Eine Ausnahme beim Sonderkündigungsrecht bildet die sogenannte „separierte Preisanpassungsklausel“, die sich manchmal in den AGB von Energielieferverträgen findet. Eine solche Klausel wird für den Fall vereinbart, dass einzelne Preisbestandteile teurer werden, auf die der Energieanbieter gar keinen Einfluss hat (zum Beispiel Steuern, Umlagen oder Abgaben). Derartige Posten dürfen gesondert angepasst und eins zu eins an den Endverbraucher übertragen werden. Kann sich Ihr Anbieter bei Preiserhöhungen darauf berufen, haben Sie in der Regel kein Sonderkündigungsrecht. Doch auch eine separierte Preisanpassungsklausel kann unwirksam sein und sollte im Zweifelsfall immer anwaltlich geprüft werden!

Energievertrag kündigen: Welche Angaben müssen mit rein?

Die Kündigung Ihres Energievertrags müssen Sie schriftlich einreichen. Das Kündigungsschreiben sollte folgende Punkte beinhalten:

  • Anschrift und Datum
  • Ihre Kunden- und Zählernummer
  • Berufung auf das Sonderkündigungsrecht
  • Hinweis: „Fristgerechte Kündigung zum nächstmöglichen Zeitpunkt“
  • Aufforderung zu einer Kündigungsbestätigung
  • Ihre Unterschrift

Kann ich einer Energiepreiserhöhung widersprechen?

Sollte die Mitteilung über eine Preiserhöhung bei Strom und Gas nicht die oben genannten Kriterien erfüllen oder haben Sie gar keine Benachrichtigung erhalten, können Sie der Erhöhung schriftlich widersprechen.
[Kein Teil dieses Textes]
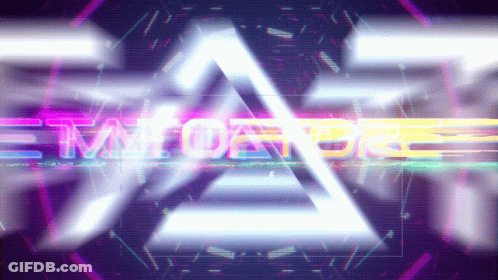 Purple Background White Triangle M.O.A.P.E GIF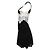 Sandro Butterfly Lace Mini Robe en Polyester Noir - vue 2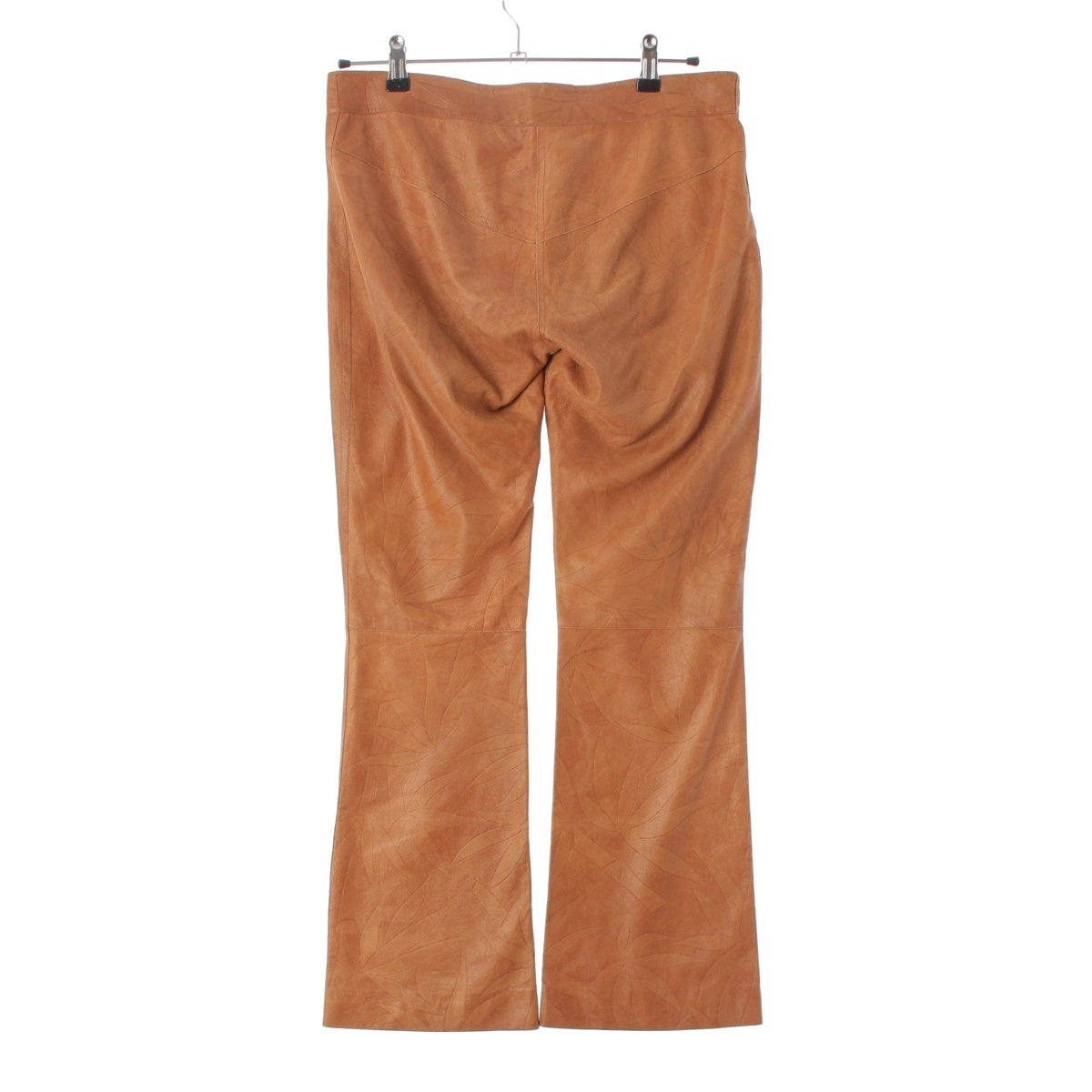 Christian Dior Goat leather Leaf pattern Pants Brown camel 34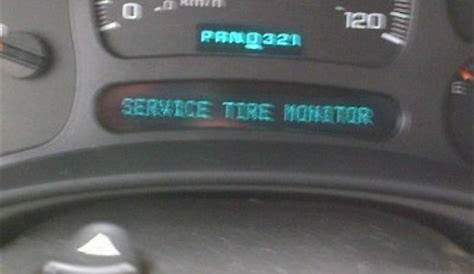 2009 gmc sierra service tire monitor system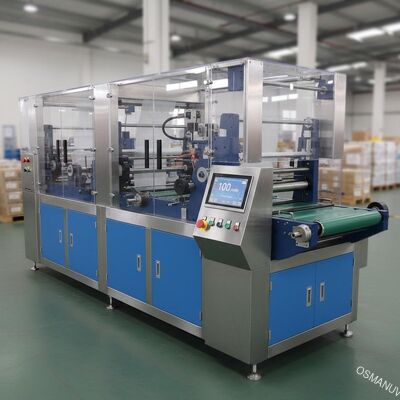 Máquina de laminación de películas de 100 m/min con sistema de control PLC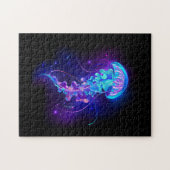 Vibrant Color Glowing Jellyfish ジグソーパズル (横)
Gegebenenfalls kann es auch sinnvoll sein, den erhöhten Preis zunächst unter Vorbehalt zu zahlen, bis Ihr Anbieter beweist, dass er Sie ordnungsgemäß informiert hat. Lassen Sie sich im Zweifelsfall am besten anwaltlich beraten, denn ein erfolgreicher Widerruf hängt oft von der richtigen Wortwahl ab.

Zusätzlich können Sie sich an die Bundesnetzagentur sowie an die Verbraucherzentrale in Ihrem Bundesland wenden. Dort werden immer wieder Musterfeststellungsklagen gegen widerrechtliche Preiserhöhungen geführt. Eine Sammelklage hat stets bessere Aussichten vor Gericht – und womöglich ist Ihr Fall nur einer von vielen.

Musterklagen gegen Primastrom und Voxenergie

Aktuell bereitet der Verbraucherzentrale Bundesverband (vzbv) eine Musterfeststellungsklage gegen die Energieanbieter Primastrom und Voxenergie vor. Zuletzt kam es in beiden Fällen vermehrt zu Kundenbeschwerden wegen Preisgarantien, die offenbar nicht gewährt wurden.